*** Data

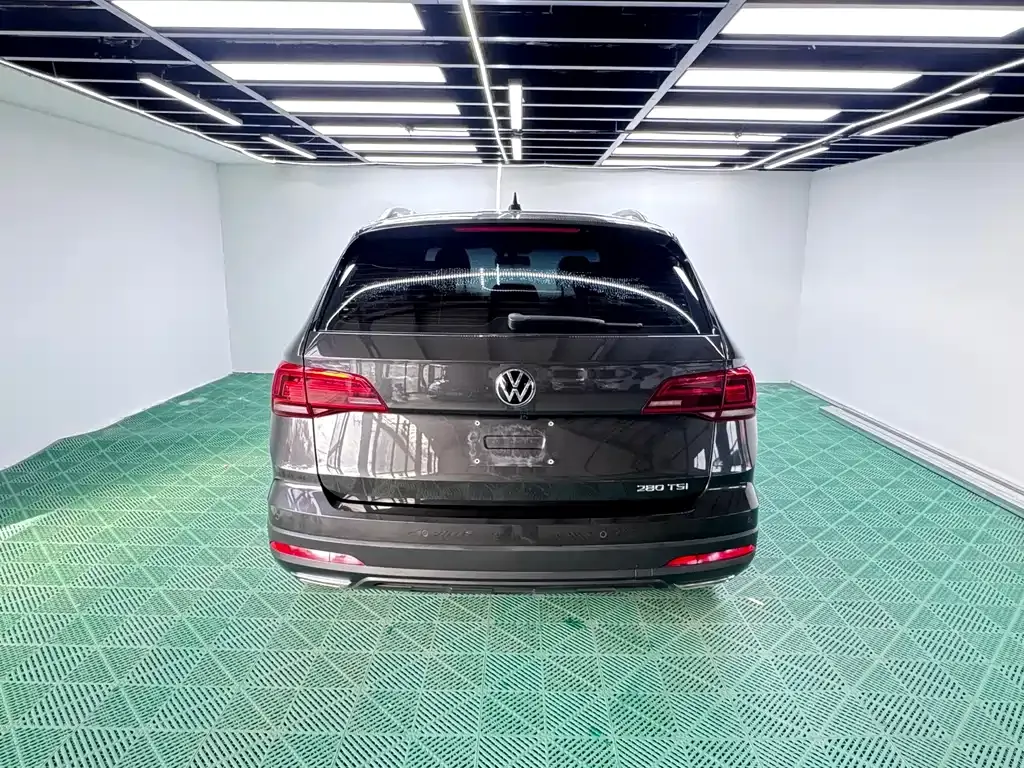 Volkswagen Tharu — фото 8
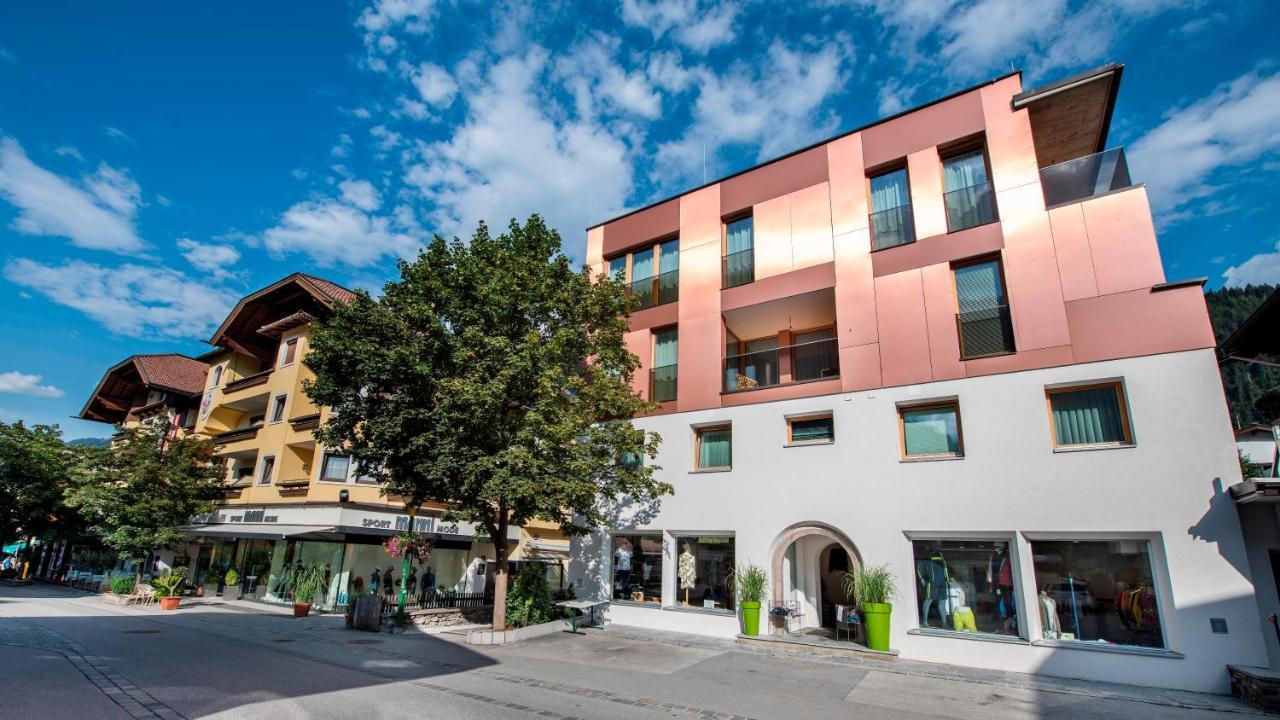 Manni Home - Rooms & Apartments Mayrhofen Exterior foto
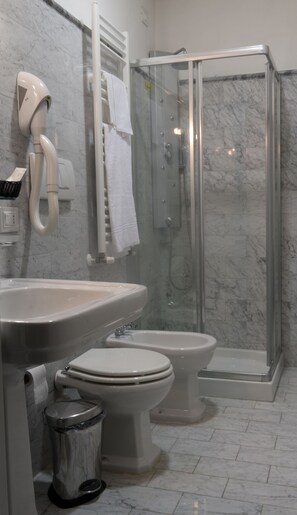 Dusche, Regendusche, kostenlose Toilettenartikel, Haartrockner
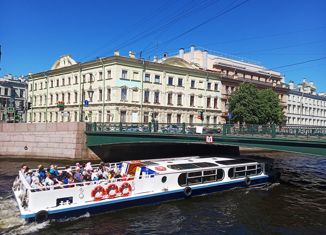 Продается четырехкомнатная квартира, 100 м2, Санкт-Петербург, набережная реки Мойки, 101, метро Адмиралтейская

******

Print out the whole of the material word for word, without pictures.

 Volkswagen Tharu — фото 8
 Manni Home - Rooms & Apartments Mayrhofen Exterior foto
 Dusche, Regendusche, kostenlose Toilettenartikel, Haartrockner
 Продается четырехкомнатная квартира, 100 м2, Санкт-Петербург, набережная реки Мойки, 101, метро Адмиралтейская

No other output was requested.